Announcing Kured, a Kubernetes Reboot Daemon

By Adam Harrison
November 03, 2017

Kured (KUbernetes REboot Daemon) is a Kubernetes daemonset that performs safe automatic node reboots when the need to do so is indicated by the package management system of the underlying OS.

Related posts

Cloud-Native Now Webinar: Containers Kubernetes Management

Kubernetes Security - A Complete Guide to Securing Your Containers

KubeCon EU 2023 Recap – GitOps Sessions on Flux with OCI, Liquid Metal CI/CD Platforms & Telco Cloud Platforms

The facts  

Kured (KUbernetes REboot Daemon) is a Kubernetes daemonset that performs safe automatic node reboots. It gets triggered by the package management system of the underlying OS. 

2017-10-24-kured-logo.png

In essence Kured:

  • Watches for the presence of a reboot sentinel e.g. /var/run/reboot-required
  • Utilises a lock in the API server to ensure only one node reboots at a time
  • Optionally defers reboots in the presence of active Prometheus alerts
  • Cordons & drains worker nodes before reboot, uncordoning them after

The Reboot Problem 

At Weaveworks the development and production clusters underpinning Weave Cloud are orchestrated with Kubernetes running on EC2, maintained with Terraform and Ansible

The EC2 instances run Ubuntu 16.04 withunattended-upgradesenabled, so the machines need to be rebooted periodically (mainly in response to kernel upgrades).
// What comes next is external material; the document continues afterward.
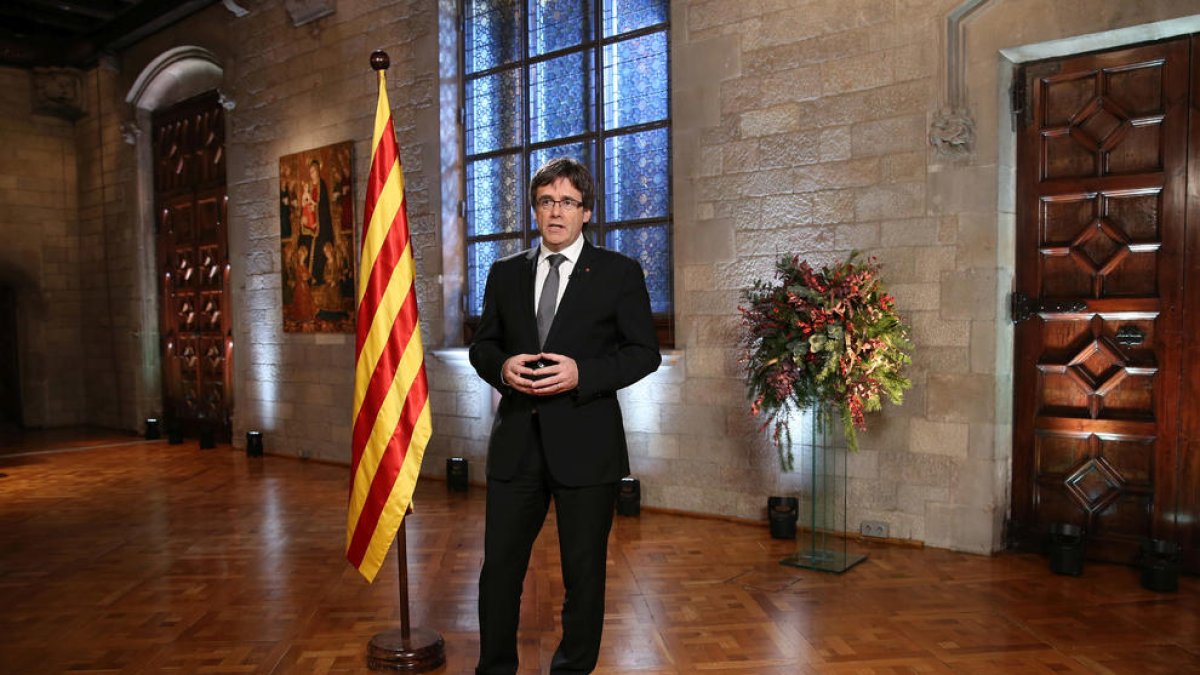 El president Puigdemont, ahir durant la seua al·locució de Cap d’Any des del Palau de la Generalitat de Barcelona.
If they aren’t, the clusters are at risk from security vulnerabilities, and eventually run out of disk space as the OS is unable to remove older kernels and modules.

The first attempt  

Our initial approach to this problem was to trigger a Prometheus alert whenever the /var/run/reboot-required file appeared on any of the nodes.  We tried coupling it with a manual process that entailed waiting for a safe moment - defined as no active alerts - before draining the application pods and then rebooting each node in turn.

Automation makes everything better

Whilst this worked in practice, the frequency of OS updates coupled with the quantity of nodes drove us eventually to an automated solution. And so for the past six months all reboots have been conducted safely and automatically by kured, our Kubernetes reboot daemon. 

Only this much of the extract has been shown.